Sunday, November 23, 2008

the unlikely francophile

As I linger in giddy thoughts of him it is hard even to know where to begin.

Him is the one that is quiet, focused, his physical body perfect for me, his personality a little too unformed, I suspect.

Babysitting for the kid affords me random hours with nothing to do and nowhere to go but I have to stay in the neighborhood, so naturally I go to the cafe. It was in one of those hours that I was able to speak to him again. He smiled when he bounded up the steps. It was like he knew I'd be there. He said a cheery hello and ordered his coffee. We talked about school, that it was ending, what he still had left to do, etc. His main worry was a twelve page essay on terrorism. He's a political science major, I learned. And then, he said the words I most dreaded. After school was finished, just a few days away, he was going to go home for the six week break.

I told him to stop by when I was working next. I worried the desperation I felt would drown out my words. He left with a distant air.

I didn't expect to see him again for six weeks. I hoped he would come in when I was working. I planned ahead. I got a postcard and wrote him a note with my number on it. I didn't know if I would get a chance to give it to him or not. I didn't know if I should give it to him. It seemed really very dorky.

And then, he came! I was so excited I had to turn away from him and smile at the coffeepots. I turned back to his smiling face and what followed was too much to recount. He stayed for over an hour. We chatted constantly unless a customer was there, and even then he often joined in the conversation. His volume went from a quiet two to a six. He talked about himself a lot more than he ever had. He didn't just nerd talk me, like I was someone he went to school with and had nothing better to talk about.

And I found out the most amazing thing ever. Not only is he a political science major, he's a french major. He's been to France. He speaks French fluently. Fluently! I asked him, really, not like a parlor trick? And he mused, no, not like a parlor trick...

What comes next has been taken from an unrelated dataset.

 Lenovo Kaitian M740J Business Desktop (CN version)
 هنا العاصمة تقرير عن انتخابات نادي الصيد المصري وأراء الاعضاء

Things were going so well that I didn't want to spoil the mood by giving him the postcard with my number on it. Walter suggested I give it to him before he left, and I'd even decided against that while he was there and we were having such a good conversation. I was hoping he'd be able to do the job on his own.

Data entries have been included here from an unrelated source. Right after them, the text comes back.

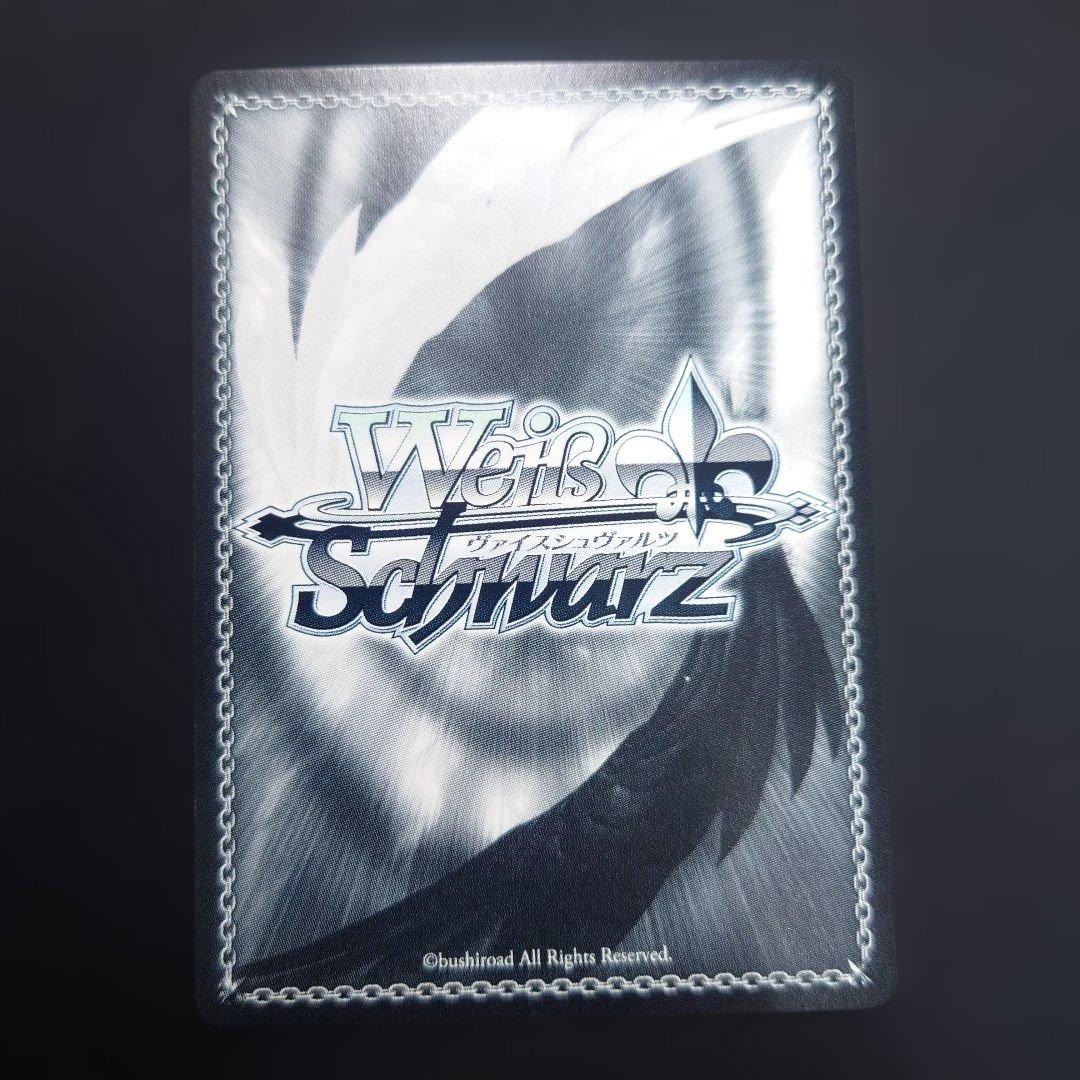 ヴァイス 描きたくなった表情 東雲絵名 SP サイン プロセカ Vol.3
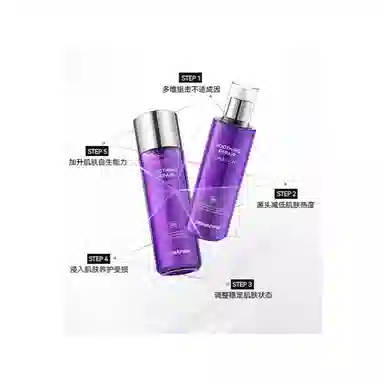 3.0 150ml+120ml200ml+200ml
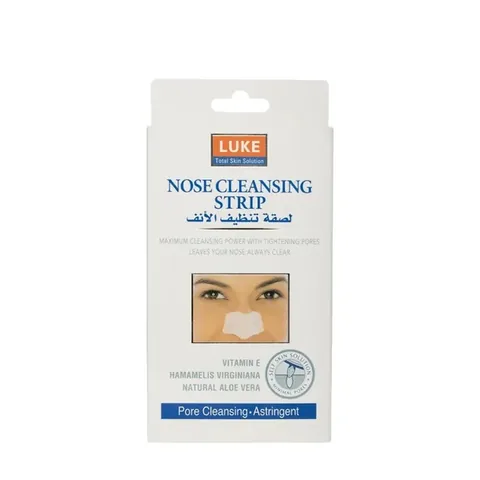 Nose Cleaning Strips - 5 Strips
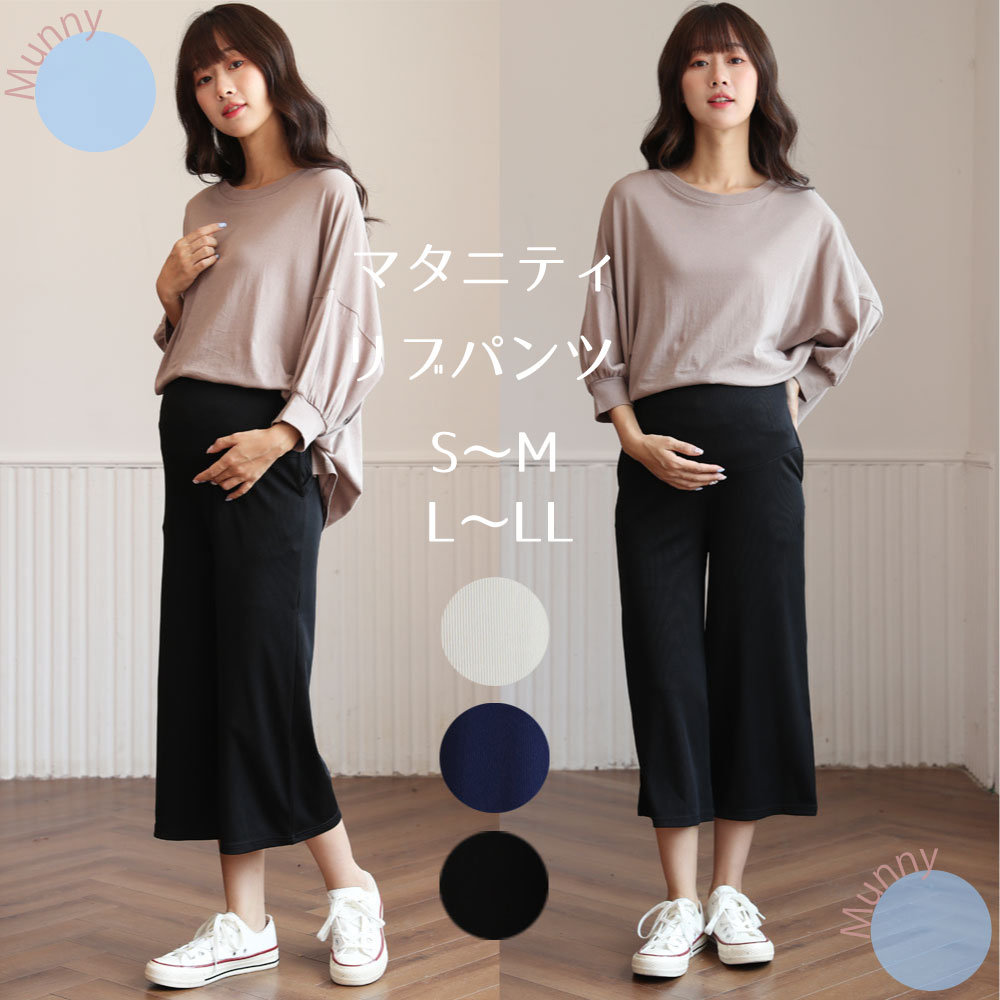妊婦さんのためのマタニティワイドパンツ(生地は普通の厚さ 夏向き)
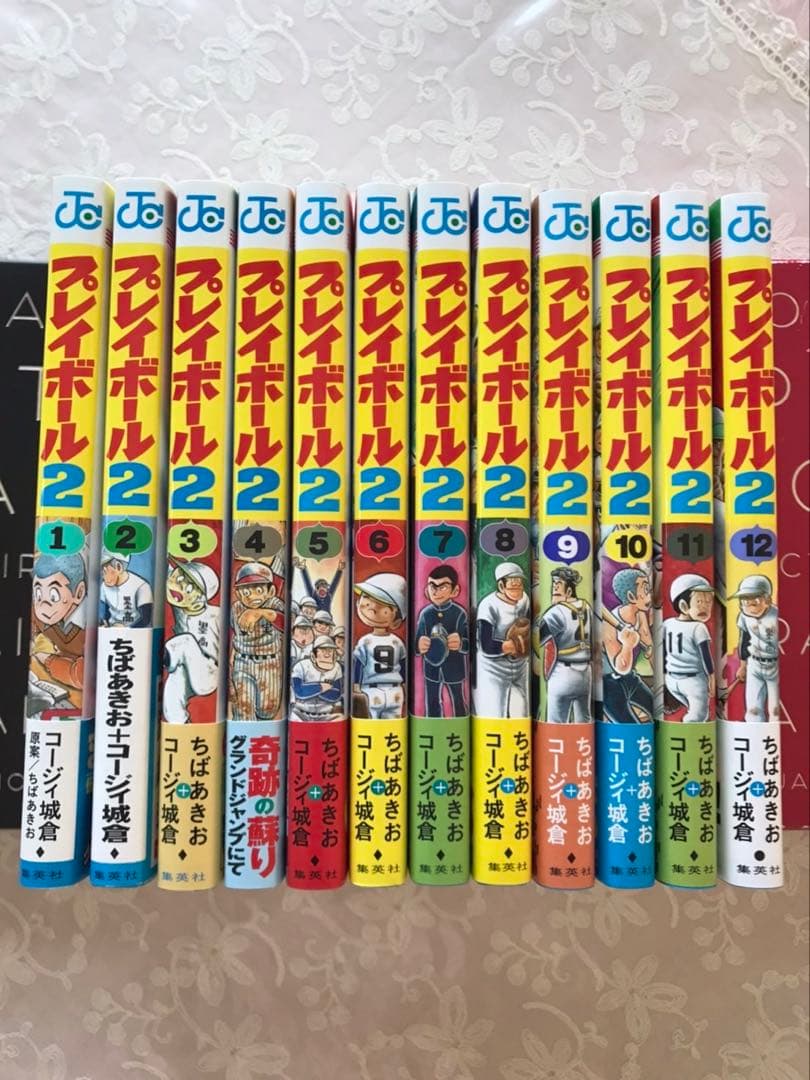 ★セット単位バラ売り可★「プレイボール 全１１巻」＆「プレイボール２ 全１２巻」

Finally he began to leave. He made this little speech about how he didn't know when he would see me again, so I gave him the card. A customer came in the interim and we both awkwardly said goodbye.

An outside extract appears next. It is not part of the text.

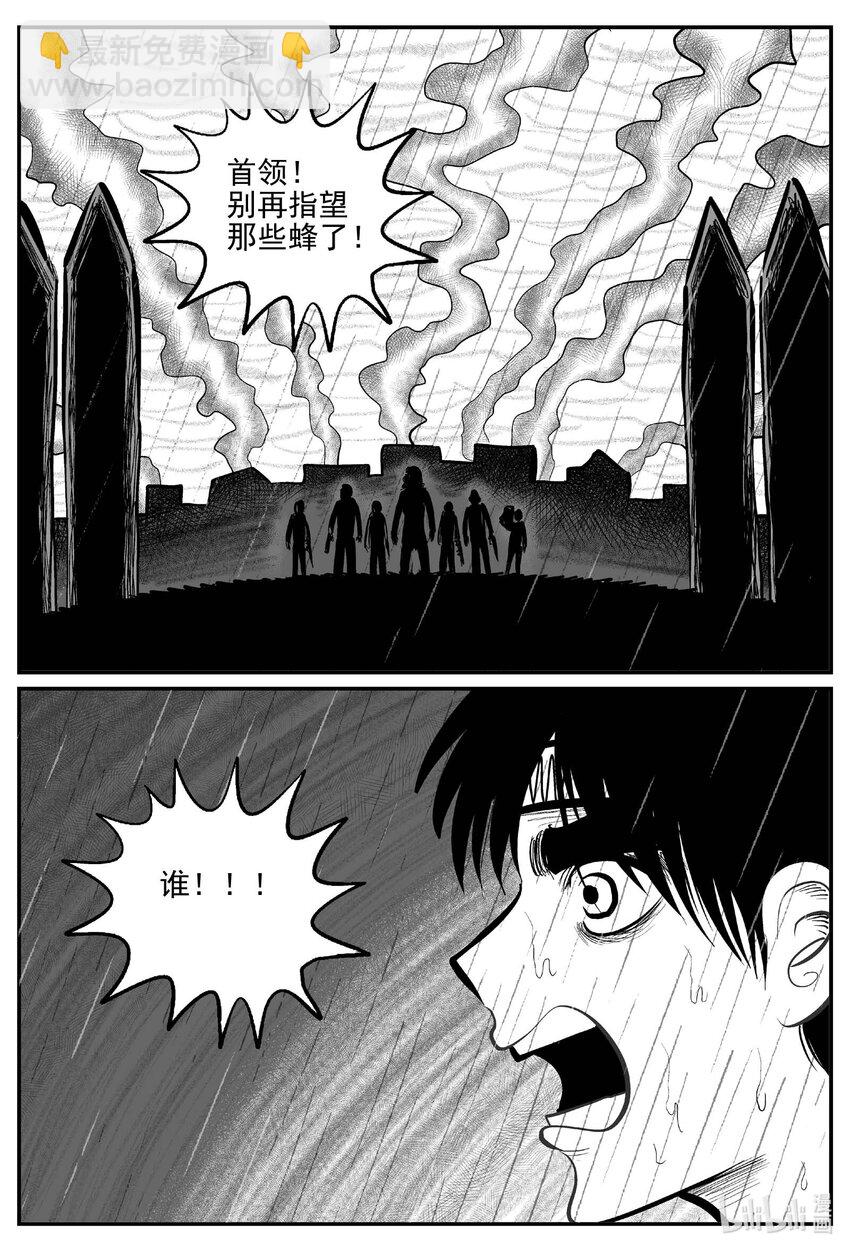 721 它811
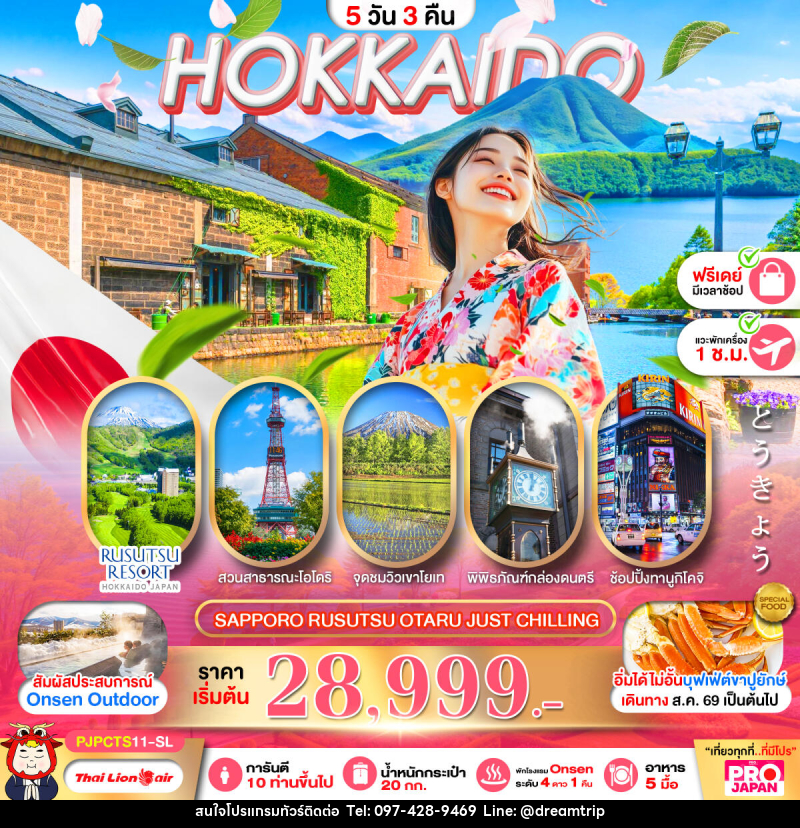 ทัวร์ญี่ปุ่น PRO HOKKAIDO SAPPORO RUSUTSU OTARU JUST CHILLING FREE DAY - แฮ้ปปี้ดรีมทริป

And even if he doesn't call, if we never go out, if we aren't even friends someday, I just loved that he turned the volume up and seemed more comfortable being himself than he had ever been before. That is what makes me smile about the whole thing.

Wednesday, November 19, 2008

prospect decipherings

I feel I should preface this with a slight disclaimer that I a) do not go out to bars with the intention of meeting the perfect guy for me, and b) I do not expect to meet a guy at the cafe either. That these things will happen seems likely, since both places are festering with lonely, available guys; and finally c) I'm in no rush to be relationshipped again.

The first time I met him I was drunk. I was mad. I was manic. I had been out all night and arrived at work that morning with no sleep and booze on my breath. It was one of the stupidest things I had ever done. That day the marathon passed by the cafe, my boss was already waiting for me at six a.m. and I had stopped drinking at 5:30 a.m. To say that I was fucked was just putting it lightly. But somehow, my boss did not catch on that I was drunk.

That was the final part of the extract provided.